Essen. Mehr Jungen und Mädchen sollen zur Schule radeln. Die Initiative der Essener Mobilität-Werk-Stadt gegen Eltern-Taxis sorgt für heftige Diskussionen.
- Fahrradclub ADFC: Zu vielen Schulen gibt es sichere Schleichwege
- Die erste Essener Schule macht jetzt beim Schulweg-Check mit
- Geprüft werden auch Verbindungen mit Bahn oder Bus und Fußwege
Damit hatte Georg Nesselhauf nicht gerechnet.

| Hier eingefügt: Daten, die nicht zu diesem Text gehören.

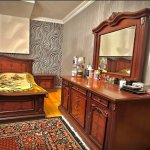 Kirayə (aylıq) 2 otaqlı Köhnə Tikili, Abşeron rayonu 3
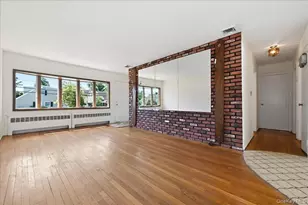 3695 Waverly Ave, Seaford, NY 11783 - Photo 6
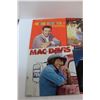 Image 2 : (6) Vinyl Records - Jim Reeves, Mac Davis and Julio Iglesias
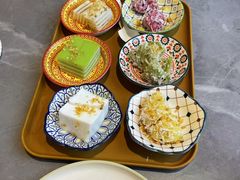 -沿江海南菜·文昌鸡祖师爷(大东海店)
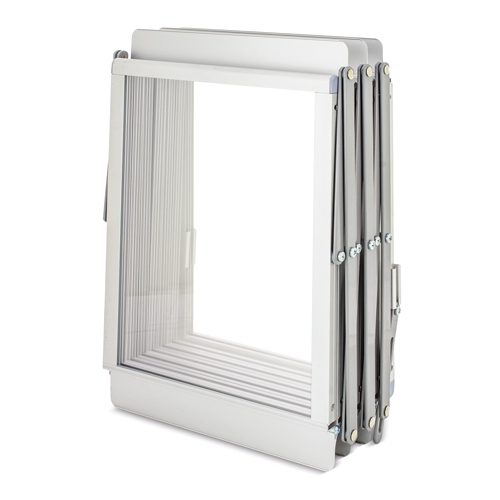 EXPOSITOR CATÁLOGO A4 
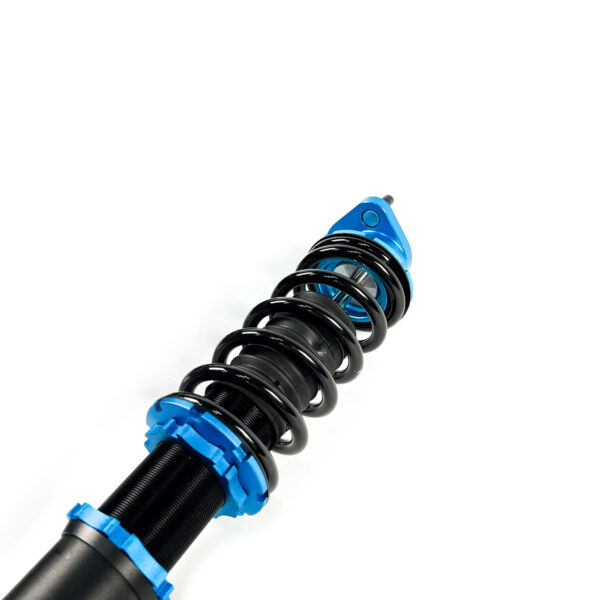 Linesracing Zestaw Tylnych Amortyzatorów BMW E36/E46 R5kg - obrazek 6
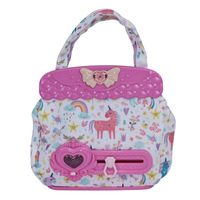 Cartera Musical Kids N Play Con Accesorios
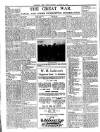 Wimbledon News Saturday 23 October 1915 Page 2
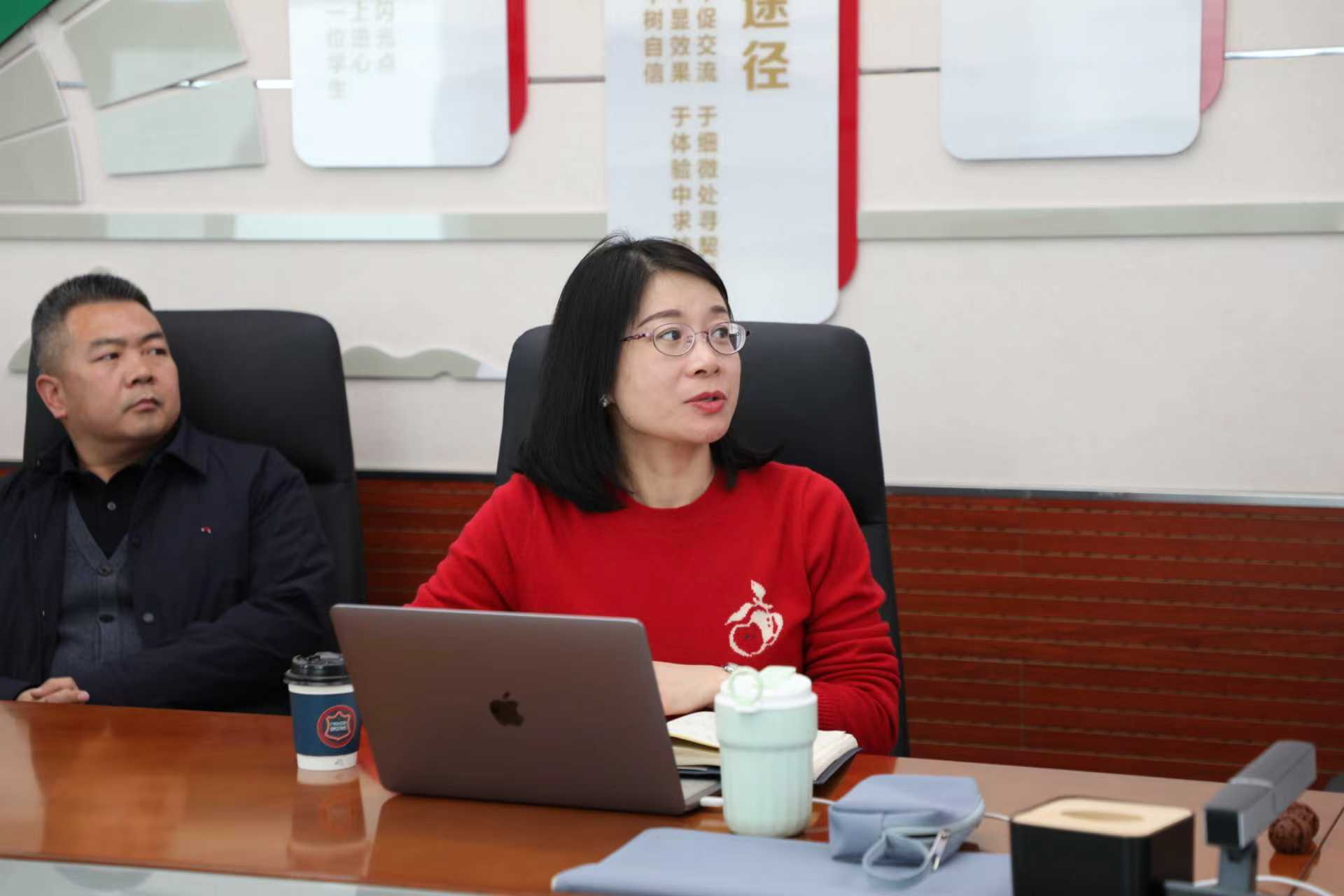 16089ef4e93e9a6f533ffa73ad23df69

Mit einem Pilotprojekt gegen Eltern-Taxis will der Vorsitzende der Essener Umwelt- und Verkehrsinitiative „Mobilität-Werk-Stadt“ wieder mehr Schüler aufs Rad bringen. Nach einem Bericht in dieser Zeitung hat er zahlreiche Reaktionen erhalten – von strikter Ablehnung besorgter Eltern bis zu Hilfsangeboten von Befürwortern. „Wir sind von dieser Resonanz überrascht“, so Nesselhauf: „Die einen sagen, dass sie das ganz toll finden. Die anderen halten es für zu gefährlich.“
Ob es wirklich hier und da zu riskant ist, soll in Kooperation mit dem Wuppertaler Verkehrssicherheitsbüro „Bueffee“ ein Schulweg-Check zeigen, für den in Essen fünf bis zehn weiterführende Schulen gesucht werden (das Viktoria-Gymnasium hat bereits zugesagt).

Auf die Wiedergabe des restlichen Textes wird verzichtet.